Dünyada şimdiye kadar bilinen bir tedavisi olmayan Gbolus (boğazda yumru varmış hissi) hastalığını, Polatlı Devlet Hastanesinde Başhekim olan Dr. Hüseyin Arslan akupunkturla tedavi etmeyi başardı.
Dünyada şimdiye kadar bilinen bir tedavisi olmayan ve araştırmalara rağmen henüz bir tedavinin geliştirilemediği Gbolus (boğazda yumru varmış hissi) hastalığında önemli bir gelişme yaşandı. Türk hekim üç yıllık yoğun araştırma ve deneylerin sonucunda Türkiye’de nüfusun yüzde 4’ünde, dünyada da büyük oranda görülen Globus hastalarını tedavi etmeyi başardı. 2015’te halen çalışmakta olduğu Ankara Polatlı Devlet Hastanesi’nin Geleneksel Tedavi Kliniği’nde gönüllü 40 hasta üzerinde çalışmalarına başlayan Doktor Hüseyin Arslan, “Biz burada Kulak Burun Boğaz (KBB) ile bir ilke imza attık. Çalışmalarımız sonucunda hastaların akupunkturdan faydalandığını, yutkunma probleminin aşıldığını gördük. Sonuç olarak hastalığı akupunktur ile tedavi etmeyi başardık” dedi.

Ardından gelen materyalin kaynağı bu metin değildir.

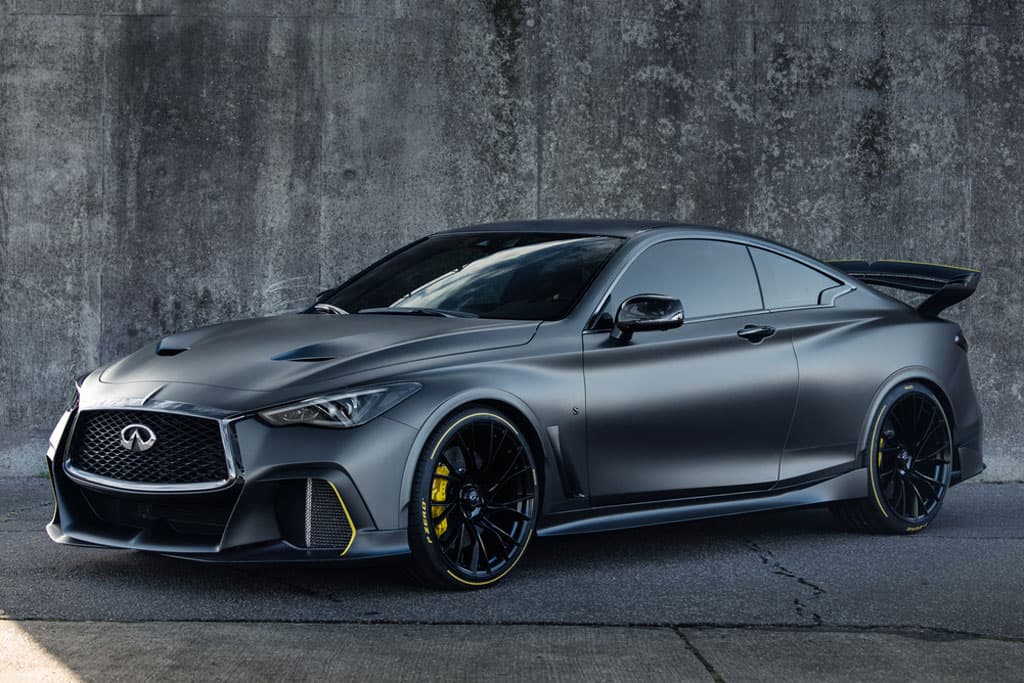 Infiniti Project Black S prototype evolves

Nedenlerinin büyük oranda psikolojik olduğunu belirttiği Globus’un bilinen, doğrudan bir tedavisinin olmadığına dikkat çeken Dr. Aslan, “Hasta boğazında yumru ya da yabancı bir madde varmış, yutkununca gidecekmiş gibi olup gitmediğini hissediyor. Çok eski bir hastalık, 2 bin 500 yıl öncesinde görüldüğü biliniyor. Yutkunma güçlüğü kadınlarda daha yaygın. Stres ve kaygı etkili. Dünyanın her yerinde birçok branş bu hastalıkla ilgili çalışmalar yürütse de net bir tedavi yöntemi geliştirilemedi” şeklinde konuştu.
Doktor Arslan şöyle devam etti:
"15 yıldır akupunktur tedavisi uyguluyorum. Hastaneme sürekli Globus hastaları geliyordu, bazılarının durumu gerçekten çok sıkıntılıydı. Yoğun bir hasta grubuyla karşılaşınca ‘Biz bunu tedavi edebilir miyiz?’ dedik. Önce araştırmaya başladık, deneysel çalışmalar yaptık. Birkaç hastadan bu şekilde olumlu cevap alınca 40 hasta üzerinde araştırmaları derinleştirdik. 2 yıl deneme ve yayın çalışmaları sürdü. Bunu bilimsel yayına çevirdik ve yayınlandı.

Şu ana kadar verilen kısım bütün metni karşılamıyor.